Such attacks don't apply to Java Card, since the Java Card platform needs to guarantee the atomicity of the persistent updates. Of course, VPP is not used on modern cards, which is another reasons for this attack not to work. I will not describe other historical attacks, but this example shows that defenses are built slowly. The first smart cards did not resist any modern attacks, and the defenses have been built as sophisticated attacks were designed and impemented.

Timing attacks

Still, let's start with a rather old attack, the timing attack. This attack requires some equipment, typically an oscilloscope. The attack consists in monitoring the card's power consumption during a sensitive computation. Some operations that consume a lot of energy are easy to spot, such as memory updates and cryptographic operations. These operations can be used as a reference mark for timing other operations.

In our example, we can time the PIN comparison itself. In all cases, the comparison ends with a persistent update, which should be easy to notice. The weakness is here very simple: the duration of the comparison depends on the number of correct bytes in the PIN code. Let's apply it to a 4-byte PIN code:

If the first byte is incorrect, then the first comparison fails.
If the second byte is incorrect, the comparison loops once, and the second comparison fails.
If the third byte is incorrect, the comparison loops twice, and the third comparison fails.
If the fourth byte is incorrect, the comparison loops three times, and the third comparison fails.
If all bytes are correct, the comparison does four complete loops before a write attempt.

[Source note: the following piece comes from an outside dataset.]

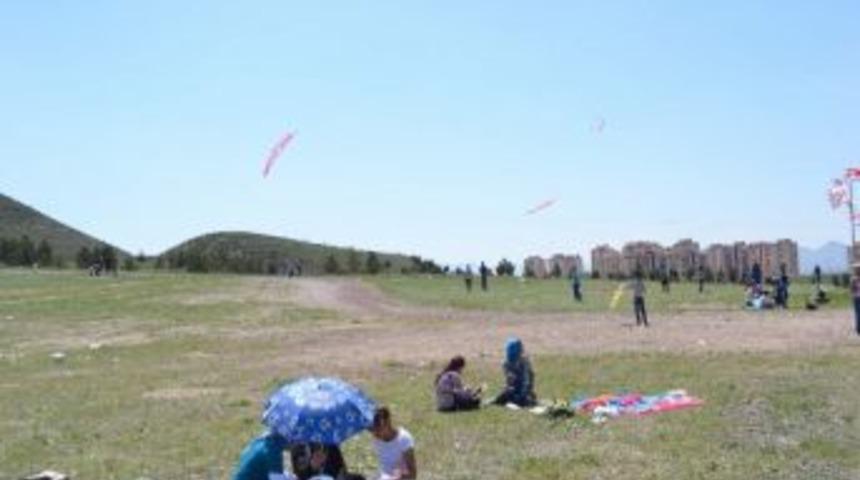 Kayseri B&uuml;y&uuml;kşehir Belediye Başkanı Mehmet &Ouml;zhaseki:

It is quite easy to make the difference between the four first cases, but it is more difficult to make the difference between the two last cases, because the difference in terms of timing is quite subtle (just a loop index increment and comparison). This still represents several instructions, and a few cycles, so timing remains largely possible.

Now, we have a good vulnerability: we are able to spy on the comparison and to determine whether or not it succeeded. The next question is: how can I exploit this vulnerability? This is a very important question. We find vulnerabilities of various kinds in most evaluations; nevertheless, most of these vulnerabilities don't lead to a rejection of the evaluated product, because they can't be exploited by an attack.

In this particular case, exploitation is really easy. The idea is to cut the power right after the beginning of the persistent write operation at the end of the comparison. If an attacker does that, the write operation will fail. And guess what? the counter will not be decreased. With this attack, we get an unlimited number of tries, since the try counter is not decreased. If we combine it with the fact that we are able to time the operation precisely and determine whether or not the comparison succeeded, we have a good way to guess PIN codes.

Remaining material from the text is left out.